Acontecimentos como este são ocorrência quase diária na Rússia, onde o primeiro-ministro, Vladimir Putin, governa o país com pulso forte e onde a perseguição aos opositores do Governo, as violações dos direitos humanos e os abusos judiciais se tornaram rotina. Numa altura em que a democracia e os direitos humanos se tornaram normas globais, essas transgressões nada contribuem para melhorar a reputação global da Rússia. Governantes autoritários como Putin sabem disso, mas, aparentemente, consideram ser um preço que vale a pena pagar para exercerem nos seus países um poder não refreado.

O que líderes como Putin desconhecem é que as suas políticas comprometem também o futuro económico dos seus países e a sua posição na economia global.

A relação entre as políticas de uma nação e as suas perspectivas económicas é uma das questões fundamentais - e mais estudadas - das ciências sociais. O que é que é melhor para o crescimento económico? Um pulso forte livre das pressões da concorrência política, ou uma diversidade de interesses concorrentes que favoreça a abertura a novas ideias e a novos intervenientes políticos?

Os exemplos asiáticos (Coreia do Sul, Taiwan e China) parecem sugerir que é a primeira opção. Mas como se pode então explicar o facto de quase todos os países ricos - excepto aqueles cuja riqueza provém apenas de recursos naturais - serem democráticos? Será que a abertura política deve preceder o crescimento económico em vez de surgir depois?
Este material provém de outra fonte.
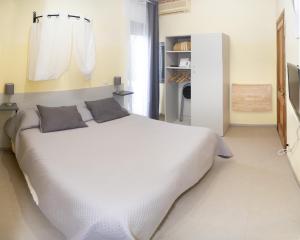 Postel nebo postele na pokoji v ubytování Tarchon Luxury B&B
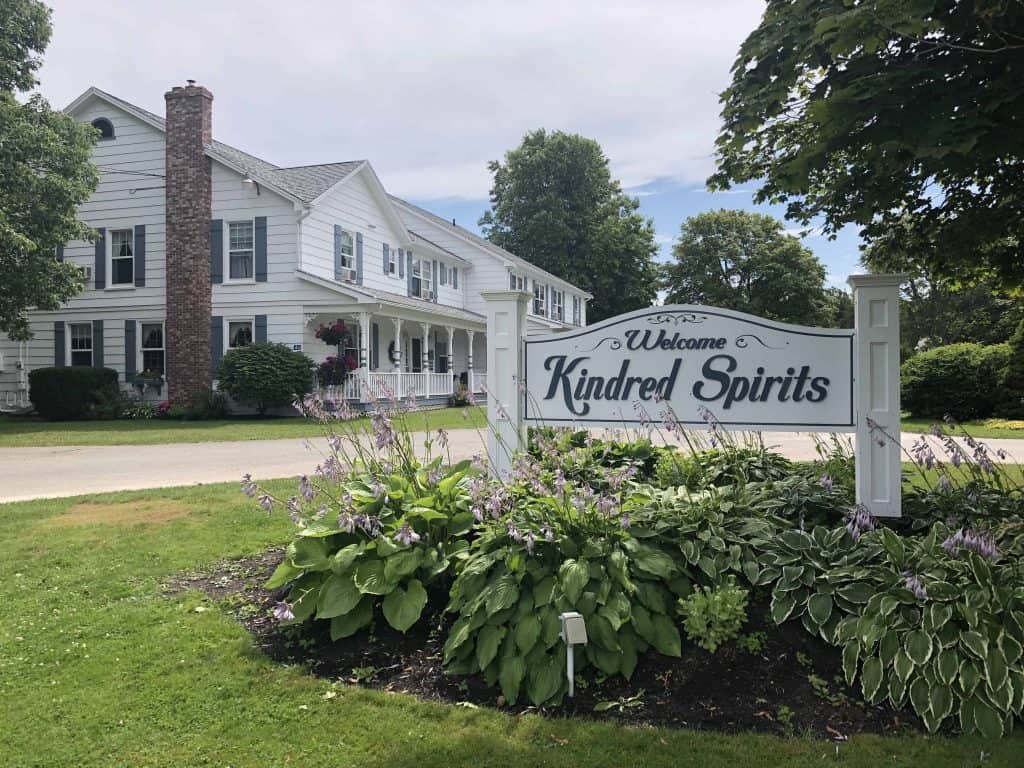 Sign reading "Welcome Kindred Spirits" with inn in background at kindred spirits country inn in Cavendish, PEI.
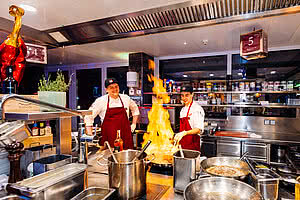 Chefs at Kitchenparty in gourmet hotel STOCK resort in Austria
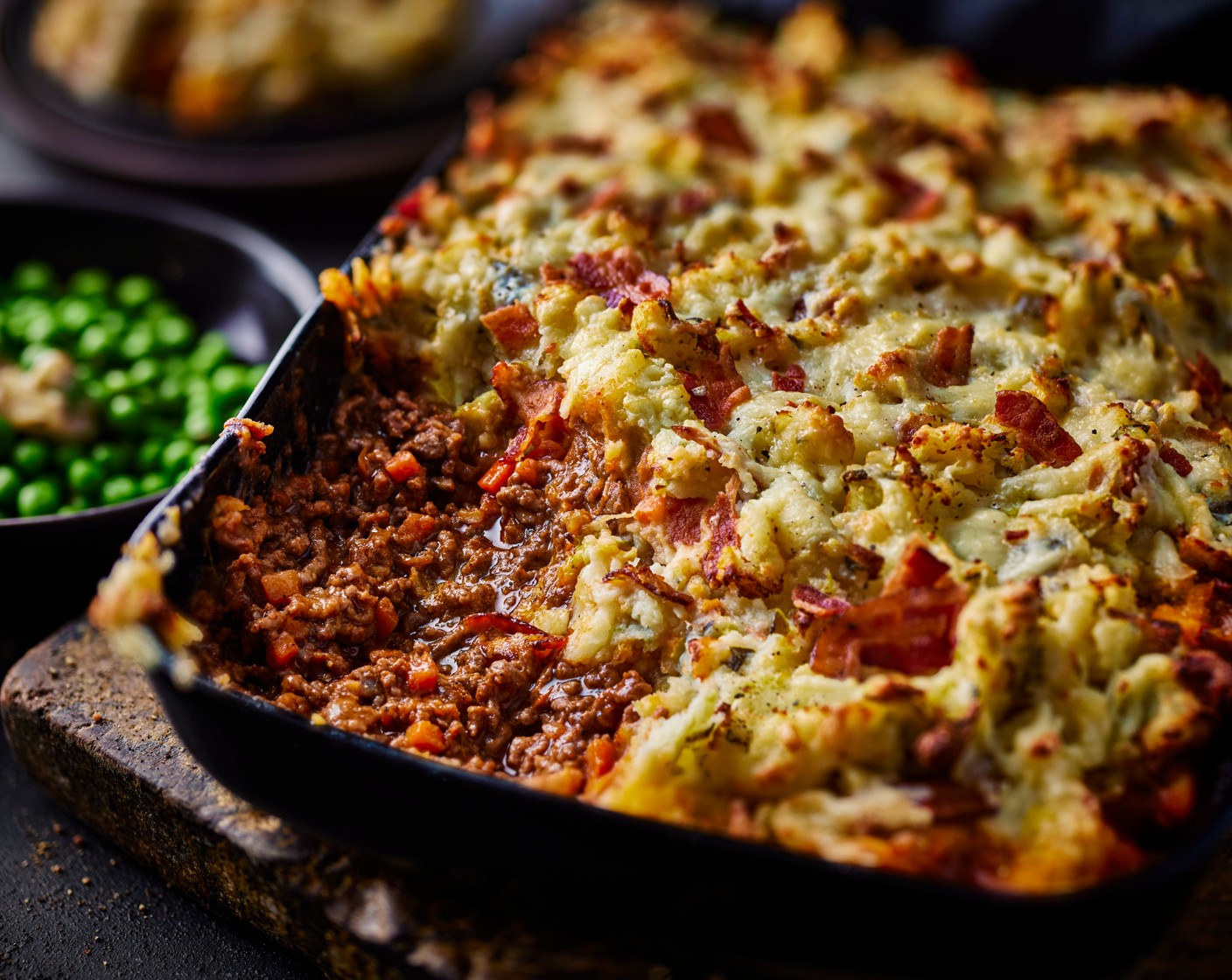 step 4 Meanwhile, bring a saucepan filled with hot water to boil. Add the peas (200 g) and cook for 2 minutes and then drain. Return to the pan and mix with the garlic and herb butter (2 pieces). Serve alongside the pie.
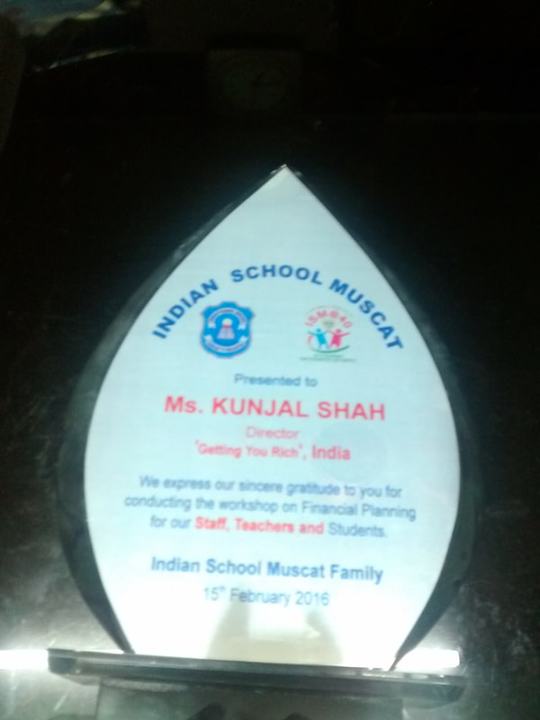 A glass memento from Indian School Muscat presented to Ms. Kunjal Shah, 15 February 2016.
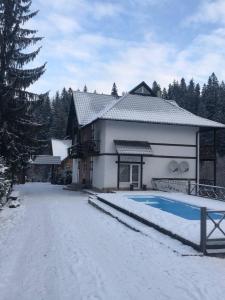 uma casa com piscina na neve em Готель RIVER HILL em Mykulychyn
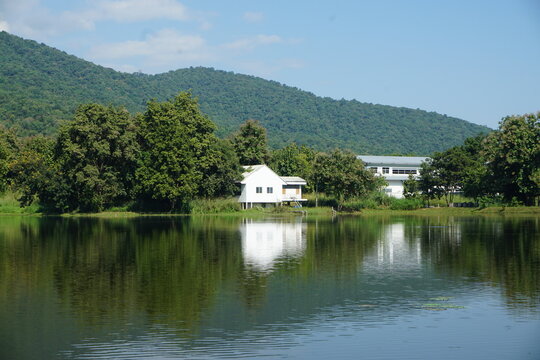 A serene lake reflects a white house and lush green hills under a clear blue sky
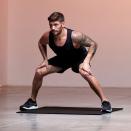 <p>In a low squat with your toes turned out around 30 degrees, use your trail arm and plant your hands down on the floor and shift your body to meet them. Get back into your squat position, and repeat on the other side. For a low-impact option, step it out.</p>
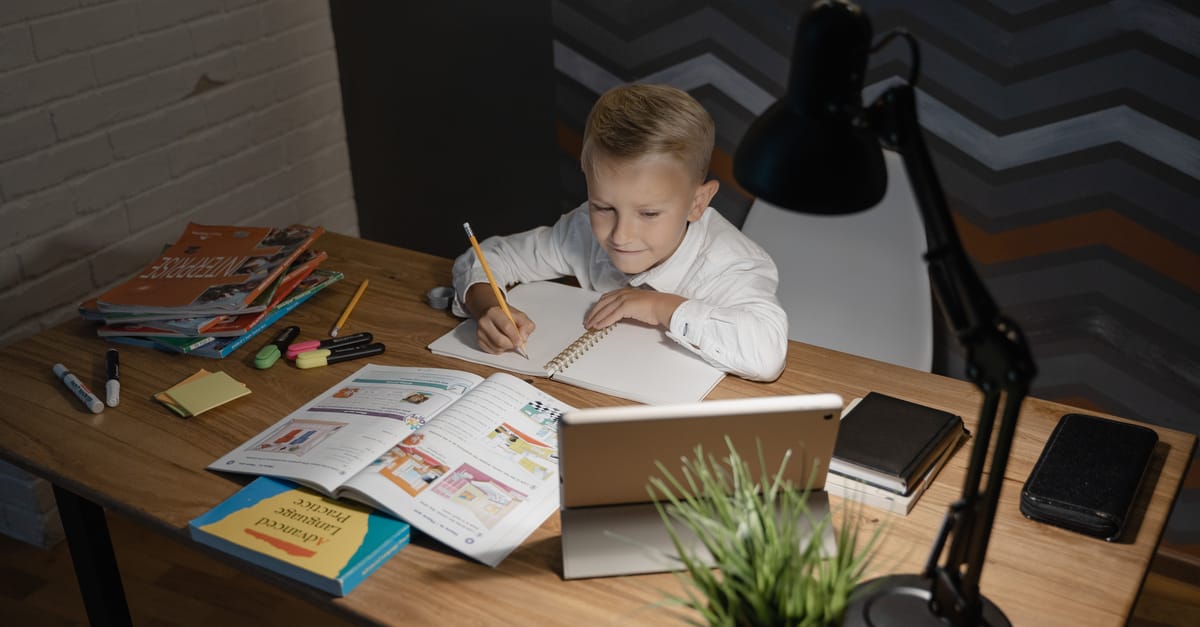 A young boy focused on studying at a wooden table with a tablet and books nearby under a desk lamp.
Quando olhamos para a sistemática evidência histórica em vez de para casos isolados, concluímos que o autoritarismo pouco contribui para o crescimento económico. Por cada país com regime autoritário que conseguiu crescer rapidamente, há vários que não saem do mesmo sítio. Por cada Lee Kuan Yew de Singapura, há muitos Mobutu Sese Seko do Congo.

As democracias não só têm um desempenho económico superior ao das ditaduras no que respeita a crescimento económico de longo prazo, como também as ultrapassam em vários outros aspectos importantes. Proporcionam uma estabilidade económica muito maior, avaliada pelos altos e baixos do ciclo empresarial. Adaptam-se melhor a choques económicos externos (tais como a queda dos termos de troca ou súbitas paragens de fluxos de capital). Criam maior investimento em capital humano - saúde e educação. E dão origem a sociedades mais equitativas.

Em contrapartida, os regimes autoritários acabam por criar economias tão frágeis quanto o seu sistema político. A sua força económica, quando existe, assenta na força do líder, ou em circunstâncias favoráveis mas temporárias. Não podem aspirar a uma inovação económica continuada nem a uma liderança económica global.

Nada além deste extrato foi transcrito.